======== DATASET RECORDS

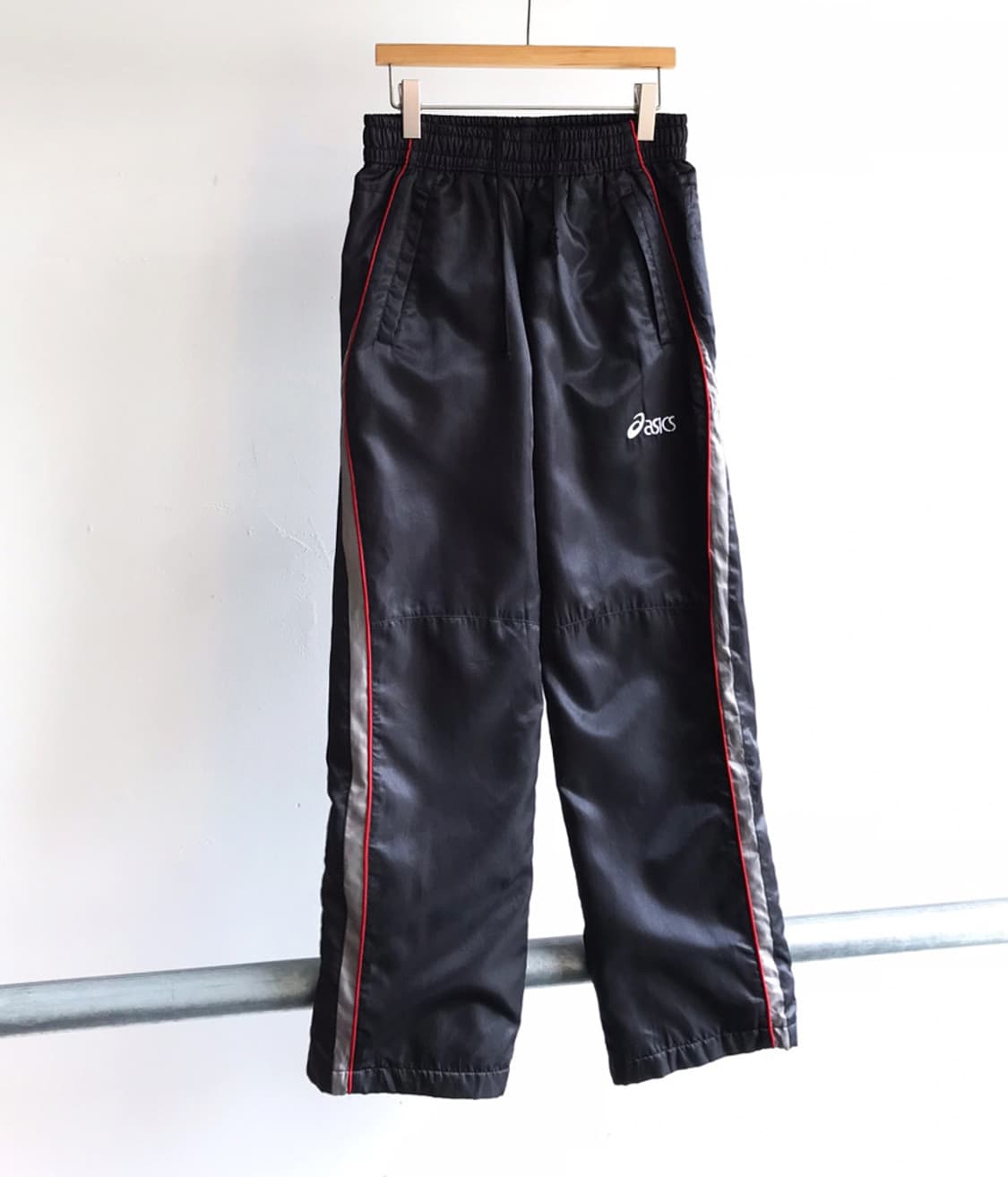 asics 상품이미지2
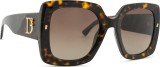 DSQUARED2 D2 0063/S 086 HA 53 24374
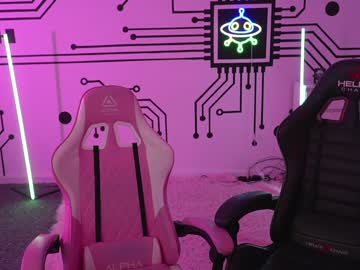 webcam couple anabel054 live cam image #1834461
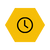 Hours Icon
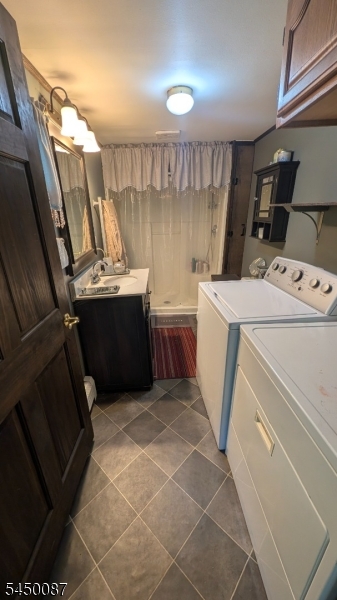 31 Hewitt Road West Milford, NJ 07421 - Photo 19 of 22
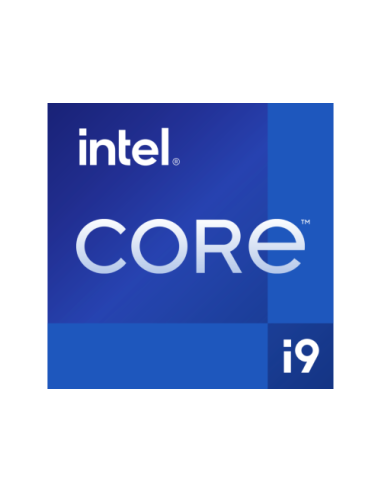 Intel Core i9-14900K procesador 36 MB Smart Cache Caja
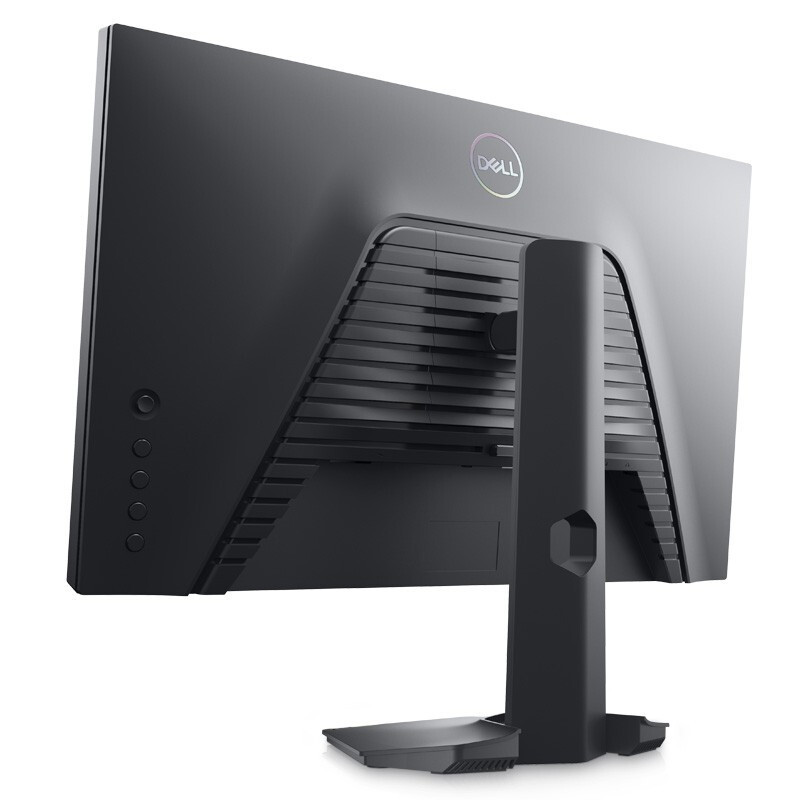 Dell ゲーミングモニター G3223D 31.5インチ 1440p165hz Amazon.co.jp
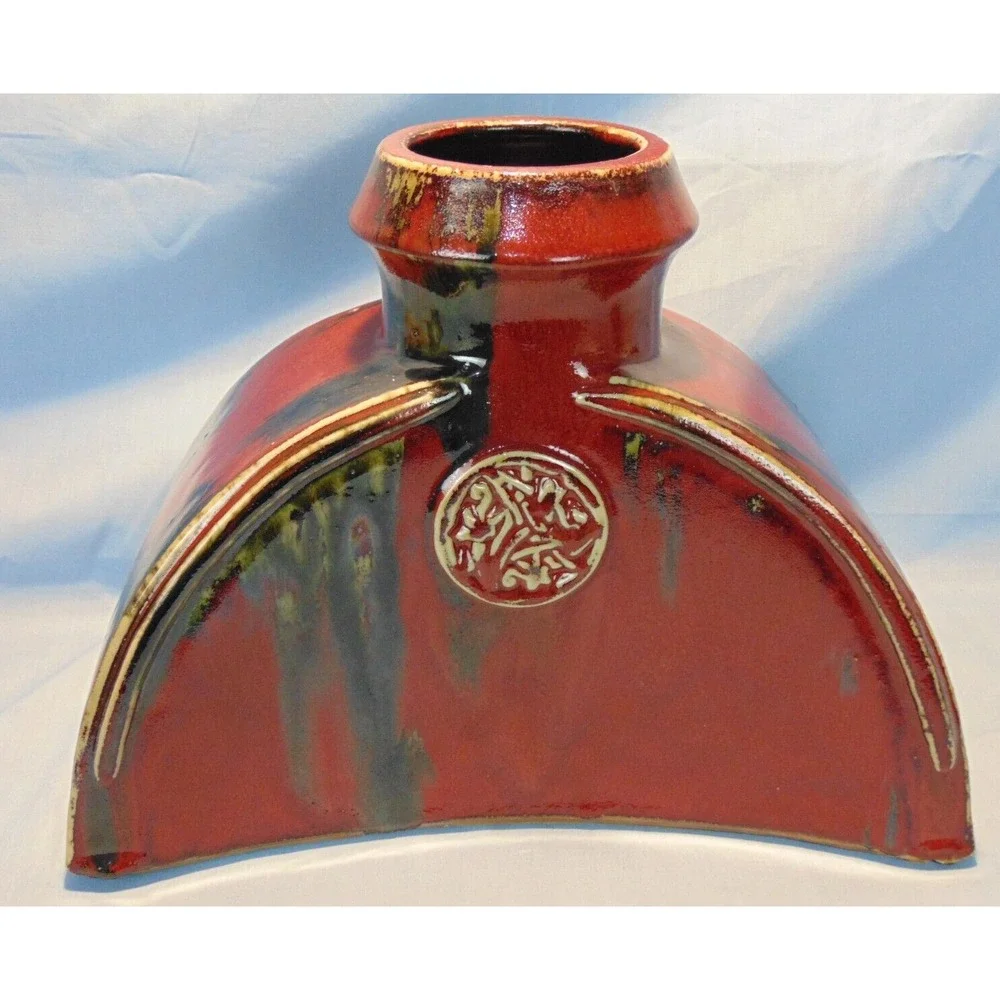 N/A note stunning measure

================

PROBLEM ::
The final stretch of the data, from the line with "31 Hewitt Road" through its last line, is to be retyped exactly; pictures are not part of the copy.

YOUR SOLUTION ::
 31 Hewitt Road West Milford, NJ 07421 - Photo 19 of 22
 Intel Core i9-14900K procesador 36 MB Smart Cache Caja
 Dell ゲーミングモニター G3223D 31.5インチ 1440p165hz Amazon.co.jp
 N/A note stunning measure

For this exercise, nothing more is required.